__AIM OF THE TASK__. Lines below starting with the line with "tries to run" and going on through the line with "more on HelpWriting.net ..." must be output exactly; the rest of the records must be left out.
<<<<
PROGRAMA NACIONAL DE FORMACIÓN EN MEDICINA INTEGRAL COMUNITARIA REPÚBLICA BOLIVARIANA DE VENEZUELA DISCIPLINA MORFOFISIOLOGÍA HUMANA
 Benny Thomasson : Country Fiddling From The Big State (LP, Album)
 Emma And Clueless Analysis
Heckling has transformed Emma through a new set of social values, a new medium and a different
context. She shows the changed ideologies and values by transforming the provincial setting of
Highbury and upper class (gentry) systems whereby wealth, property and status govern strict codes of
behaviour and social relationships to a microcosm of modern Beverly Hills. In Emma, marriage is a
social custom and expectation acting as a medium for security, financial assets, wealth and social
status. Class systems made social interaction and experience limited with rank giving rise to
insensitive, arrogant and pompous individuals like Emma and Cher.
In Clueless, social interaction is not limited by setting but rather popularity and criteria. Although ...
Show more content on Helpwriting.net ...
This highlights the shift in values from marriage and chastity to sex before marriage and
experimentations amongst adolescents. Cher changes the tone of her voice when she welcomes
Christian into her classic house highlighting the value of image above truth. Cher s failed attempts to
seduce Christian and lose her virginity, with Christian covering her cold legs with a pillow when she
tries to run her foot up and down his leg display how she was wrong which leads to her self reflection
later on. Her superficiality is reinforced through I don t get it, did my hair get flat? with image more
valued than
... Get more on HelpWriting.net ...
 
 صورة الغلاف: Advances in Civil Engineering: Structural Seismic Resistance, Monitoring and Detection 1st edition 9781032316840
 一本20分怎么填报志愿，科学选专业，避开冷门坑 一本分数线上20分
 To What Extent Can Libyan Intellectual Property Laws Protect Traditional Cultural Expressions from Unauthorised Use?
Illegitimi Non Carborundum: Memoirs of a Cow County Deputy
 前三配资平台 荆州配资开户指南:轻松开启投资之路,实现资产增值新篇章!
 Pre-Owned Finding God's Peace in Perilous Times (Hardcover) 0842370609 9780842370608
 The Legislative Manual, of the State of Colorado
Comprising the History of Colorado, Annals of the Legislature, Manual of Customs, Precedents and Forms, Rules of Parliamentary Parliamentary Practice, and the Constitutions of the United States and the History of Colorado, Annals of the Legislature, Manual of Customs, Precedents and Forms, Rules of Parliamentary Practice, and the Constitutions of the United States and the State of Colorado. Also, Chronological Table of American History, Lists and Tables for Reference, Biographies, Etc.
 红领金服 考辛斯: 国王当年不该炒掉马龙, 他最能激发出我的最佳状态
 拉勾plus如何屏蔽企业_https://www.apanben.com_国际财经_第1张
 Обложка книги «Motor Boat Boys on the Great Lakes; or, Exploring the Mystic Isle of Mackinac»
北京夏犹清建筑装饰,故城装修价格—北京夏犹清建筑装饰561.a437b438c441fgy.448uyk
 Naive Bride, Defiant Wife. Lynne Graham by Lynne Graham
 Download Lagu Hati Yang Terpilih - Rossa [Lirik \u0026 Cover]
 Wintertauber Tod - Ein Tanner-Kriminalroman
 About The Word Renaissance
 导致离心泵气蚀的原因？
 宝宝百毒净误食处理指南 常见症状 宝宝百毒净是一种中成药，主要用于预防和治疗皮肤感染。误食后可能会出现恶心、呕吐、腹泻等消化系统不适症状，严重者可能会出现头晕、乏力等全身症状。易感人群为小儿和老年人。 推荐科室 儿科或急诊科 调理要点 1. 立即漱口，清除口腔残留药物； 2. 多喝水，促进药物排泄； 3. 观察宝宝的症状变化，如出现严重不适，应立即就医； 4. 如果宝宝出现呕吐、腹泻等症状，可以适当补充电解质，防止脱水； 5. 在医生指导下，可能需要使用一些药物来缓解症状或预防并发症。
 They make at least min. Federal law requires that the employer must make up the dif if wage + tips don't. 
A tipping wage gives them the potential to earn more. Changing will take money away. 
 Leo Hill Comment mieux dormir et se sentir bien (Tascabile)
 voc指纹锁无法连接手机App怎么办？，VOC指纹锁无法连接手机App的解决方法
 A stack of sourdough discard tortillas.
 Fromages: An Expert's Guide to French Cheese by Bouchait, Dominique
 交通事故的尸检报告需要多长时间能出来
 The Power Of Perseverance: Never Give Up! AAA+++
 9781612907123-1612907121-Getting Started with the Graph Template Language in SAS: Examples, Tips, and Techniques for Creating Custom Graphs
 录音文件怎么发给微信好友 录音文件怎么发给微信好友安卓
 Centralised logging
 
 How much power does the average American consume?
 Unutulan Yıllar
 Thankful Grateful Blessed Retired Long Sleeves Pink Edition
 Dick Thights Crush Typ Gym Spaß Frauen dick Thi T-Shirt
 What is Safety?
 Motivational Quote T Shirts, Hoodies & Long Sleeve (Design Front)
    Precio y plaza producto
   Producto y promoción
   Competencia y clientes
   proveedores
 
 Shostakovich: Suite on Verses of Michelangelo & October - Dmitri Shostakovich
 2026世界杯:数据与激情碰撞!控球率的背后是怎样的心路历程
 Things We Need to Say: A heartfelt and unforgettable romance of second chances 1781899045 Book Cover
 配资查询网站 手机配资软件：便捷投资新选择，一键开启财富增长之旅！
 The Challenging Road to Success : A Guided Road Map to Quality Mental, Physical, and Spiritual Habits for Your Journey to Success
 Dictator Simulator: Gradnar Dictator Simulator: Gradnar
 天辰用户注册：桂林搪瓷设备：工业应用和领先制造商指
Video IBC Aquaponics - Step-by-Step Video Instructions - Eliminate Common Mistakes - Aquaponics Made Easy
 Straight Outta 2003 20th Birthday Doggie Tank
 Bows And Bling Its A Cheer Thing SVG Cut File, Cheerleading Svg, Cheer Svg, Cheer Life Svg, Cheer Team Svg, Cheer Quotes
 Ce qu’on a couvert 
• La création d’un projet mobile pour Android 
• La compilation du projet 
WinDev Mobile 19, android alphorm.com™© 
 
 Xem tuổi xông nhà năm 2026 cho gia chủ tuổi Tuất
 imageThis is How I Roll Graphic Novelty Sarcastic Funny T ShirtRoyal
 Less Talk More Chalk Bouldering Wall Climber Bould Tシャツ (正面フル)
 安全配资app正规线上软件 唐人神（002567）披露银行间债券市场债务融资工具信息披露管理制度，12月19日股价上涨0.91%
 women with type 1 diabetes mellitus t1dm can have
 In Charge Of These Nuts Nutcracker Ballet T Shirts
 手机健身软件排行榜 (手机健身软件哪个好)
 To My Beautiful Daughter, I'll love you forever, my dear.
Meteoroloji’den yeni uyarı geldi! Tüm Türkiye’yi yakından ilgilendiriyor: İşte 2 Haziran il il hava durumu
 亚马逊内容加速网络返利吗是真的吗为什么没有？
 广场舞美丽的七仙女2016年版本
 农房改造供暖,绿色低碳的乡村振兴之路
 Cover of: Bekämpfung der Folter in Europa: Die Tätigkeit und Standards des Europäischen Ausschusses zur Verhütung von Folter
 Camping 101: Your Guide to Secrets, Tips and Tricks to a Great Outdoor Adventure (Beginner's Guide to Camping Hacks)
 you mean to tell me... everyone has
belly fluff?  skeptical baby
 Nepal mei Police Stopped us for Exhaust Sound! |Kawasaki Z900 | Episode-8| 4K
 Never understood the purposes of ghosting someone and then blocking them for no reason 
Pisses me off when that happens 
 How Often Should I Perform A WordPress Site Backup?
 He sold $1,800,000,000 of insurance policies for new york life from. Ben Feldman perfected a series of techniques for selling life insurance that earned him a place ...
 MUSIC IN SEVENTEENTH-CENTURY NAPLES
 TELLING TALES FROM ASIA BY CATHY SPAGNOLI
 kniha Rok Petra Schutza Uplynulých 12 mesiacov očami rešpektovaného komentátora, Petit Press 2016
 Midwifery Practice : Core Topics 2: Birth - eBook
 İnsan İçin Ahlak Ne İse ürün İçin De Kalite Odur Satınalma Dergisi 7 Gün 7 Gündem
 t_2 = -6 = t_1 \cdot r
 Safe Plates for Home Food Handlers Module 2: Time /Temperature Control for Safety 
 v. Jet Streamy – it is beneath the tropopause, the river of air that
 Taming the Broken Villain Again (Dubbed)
>>>>
__FINAL ANSWER__.
tries to run her foot up and down his leg display how she was wrong which leads to her self reflection
later on. Her superficiality is reinforced through I don t get it, did my hair get flat? with image more
valued than
... Get more on HelpWriting.net ...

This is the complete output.